PROVIDED MATERIAL Block Start
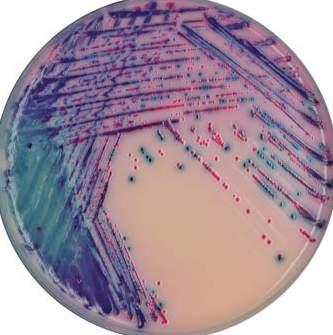 CHROMagar Products Rambach Agar Code: 1001 The conventional media for the detection of Salmonella by H2S character has a very poor specificity creating an abondance of false positives (Citrobacter,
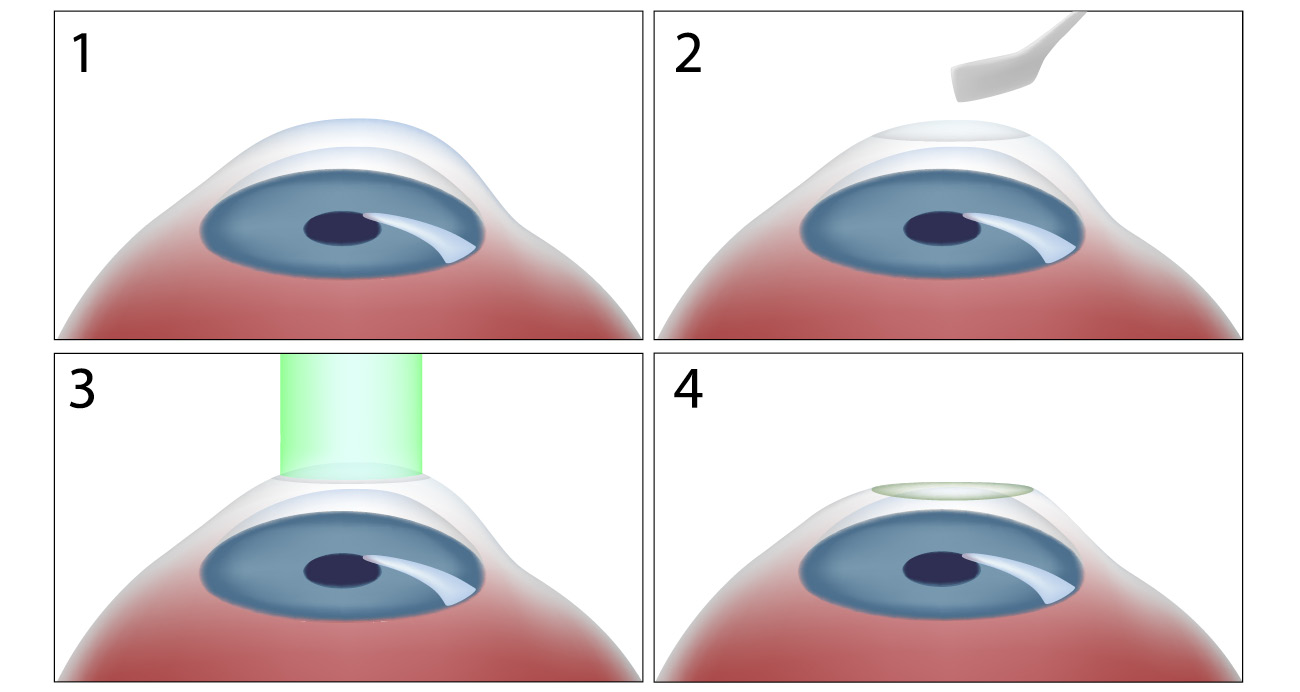 An image showing the steps of the PRK procedure on an eye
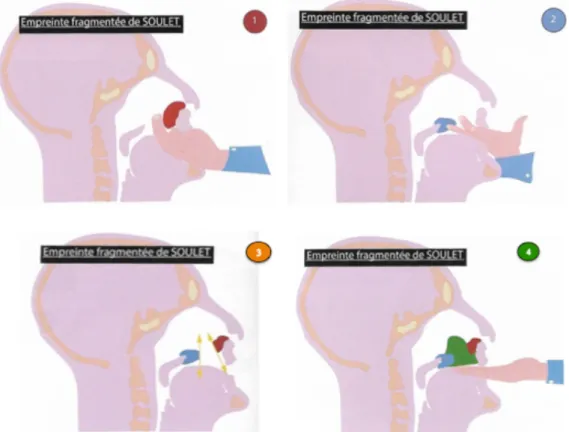 Figure  6 :  Protocole  de  l’empreinte  fragmentée  selon  Soulet :  1.  Empreinte  de  la  contre- contre-dépouille  antérieure  avec  un  silicone  par  addition  de  haute  viscosité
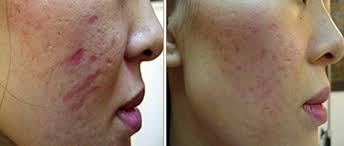 Pin On Dermatology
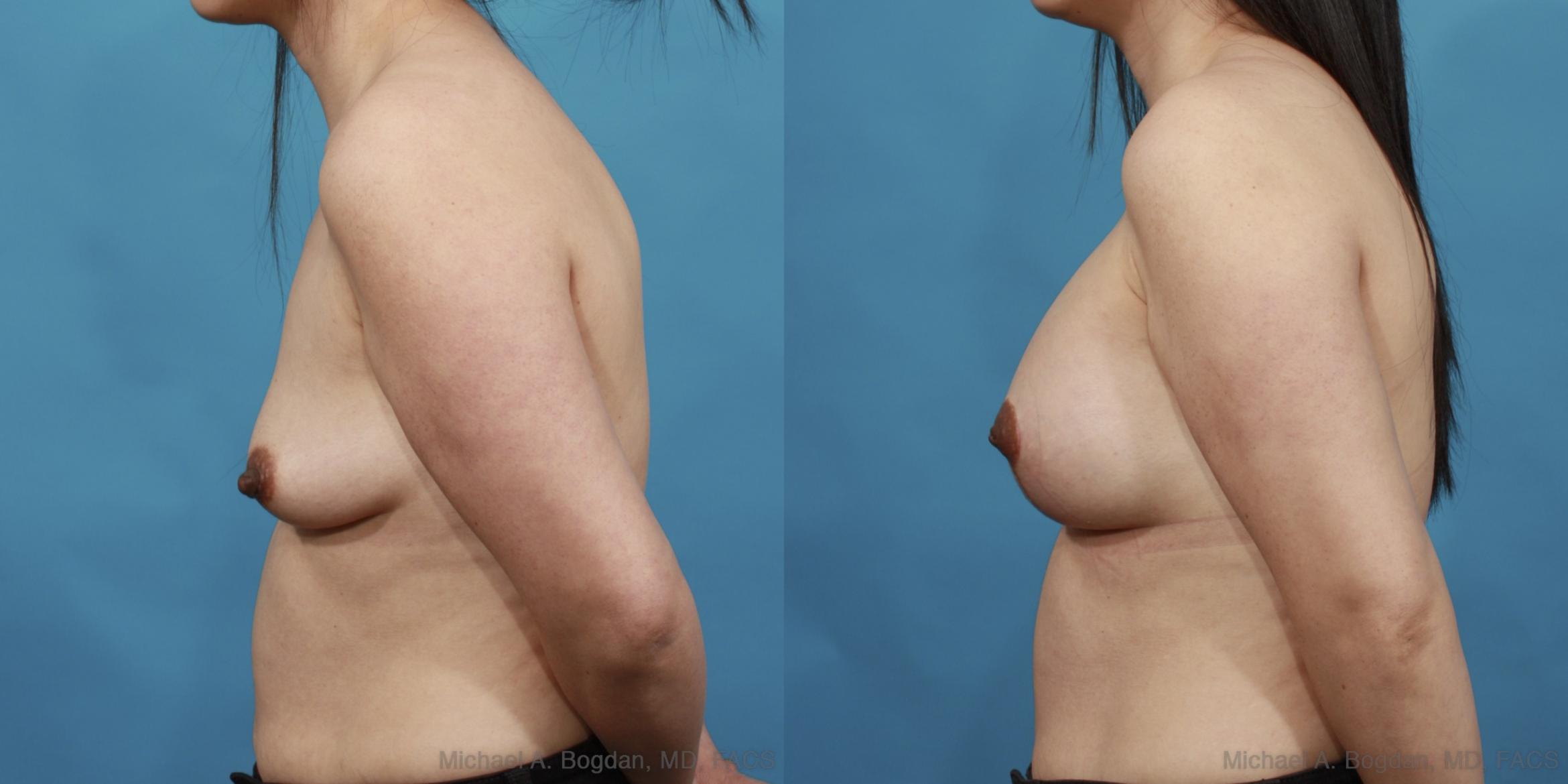 Before & After Mastopexy & Augmentation Case 537 View #3 View in Fort Worth & Frisco, Texas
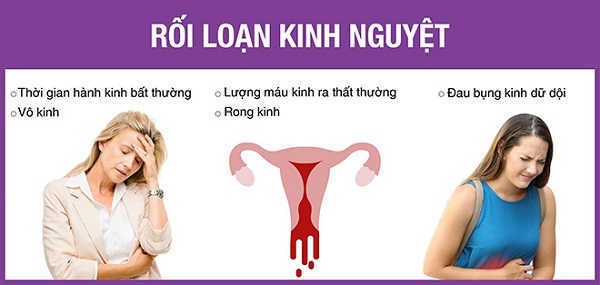 dấu hiệu nhận biết bị rối loạn kinh nguyệt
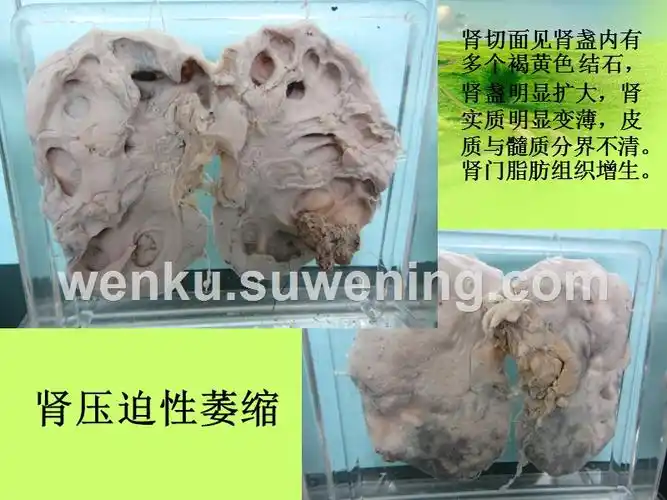 病理学大体标本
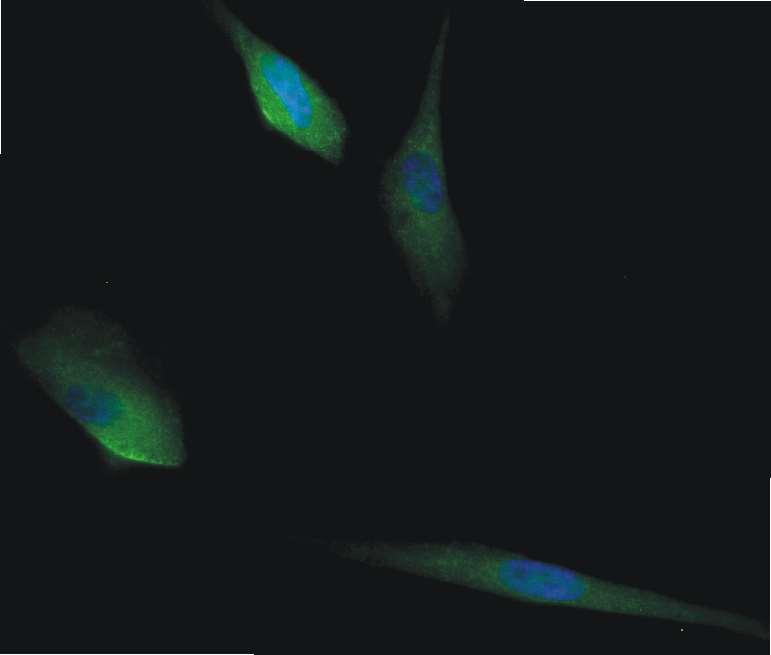 (Praha) 56, 149-157, 2010 Schwann cells Neurons GFAP Beta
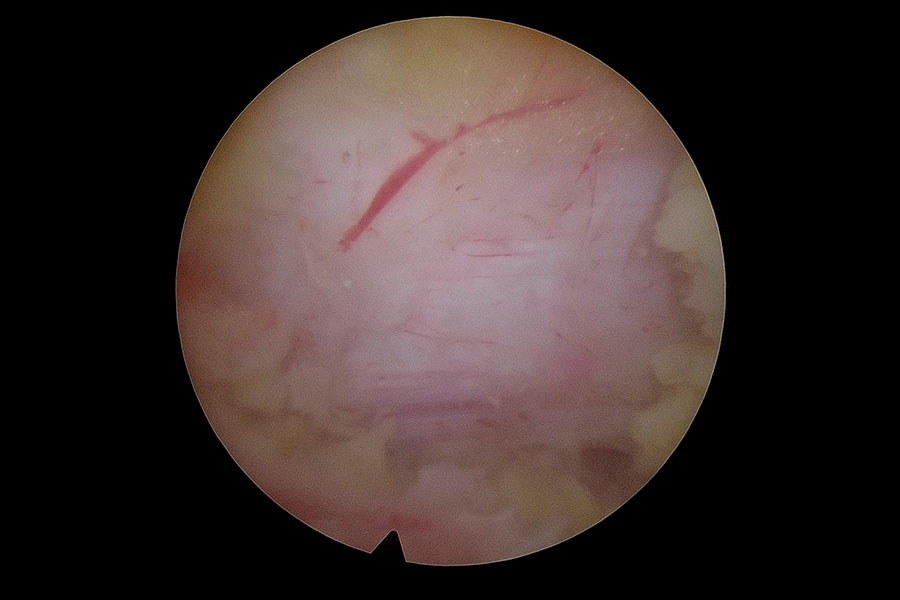 cirugia de columna minimamente invasiva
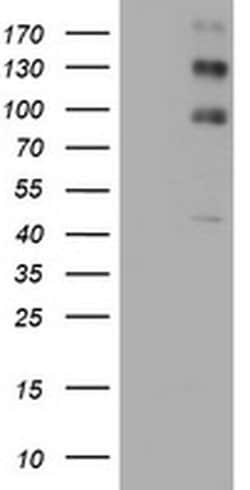 ALK Monoclonal Antibody (OTI2H1), TrueMAB , OriGene:Antibodies:Primary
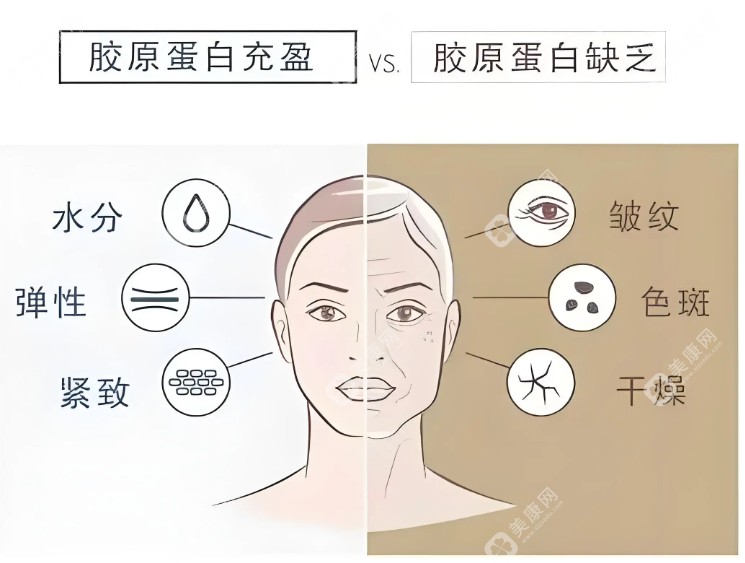 膠原蛋白注射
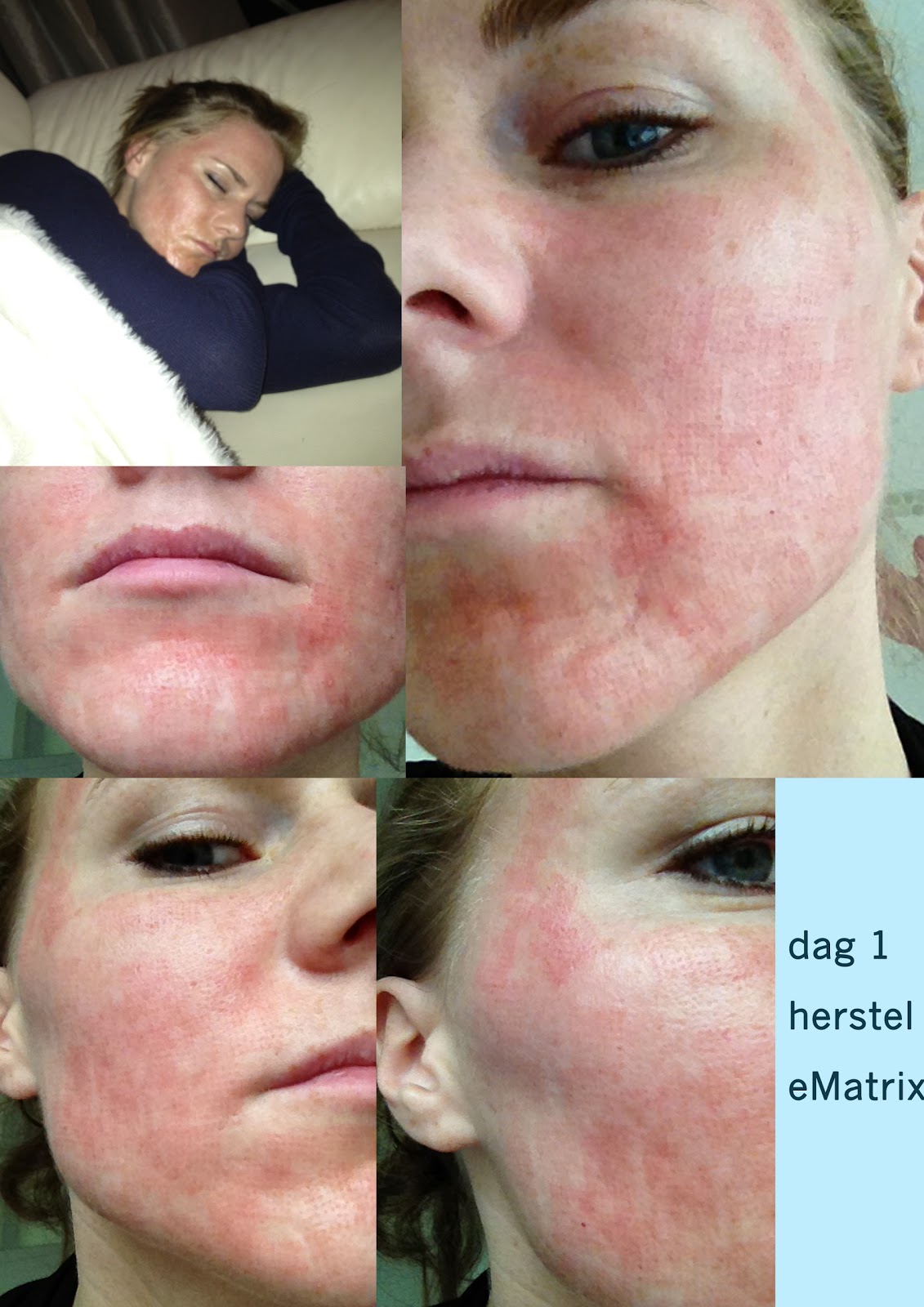gezicht laseren prijs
PROVIDED MATERIAL Block End
From the first line of the entries above through the line with "An image showing", set down each line exactly and drop the pictures.

SOLUTION TO THIS EXERCISE ::
 CHROMagar Products Rambach Agar Code: 1001 The conventional media for the detection of Salmonella by H2S character has a very poor specificity creating an abondance of false positives (Citrobacter,
 An image showing the steps of the PRK procedure on an eye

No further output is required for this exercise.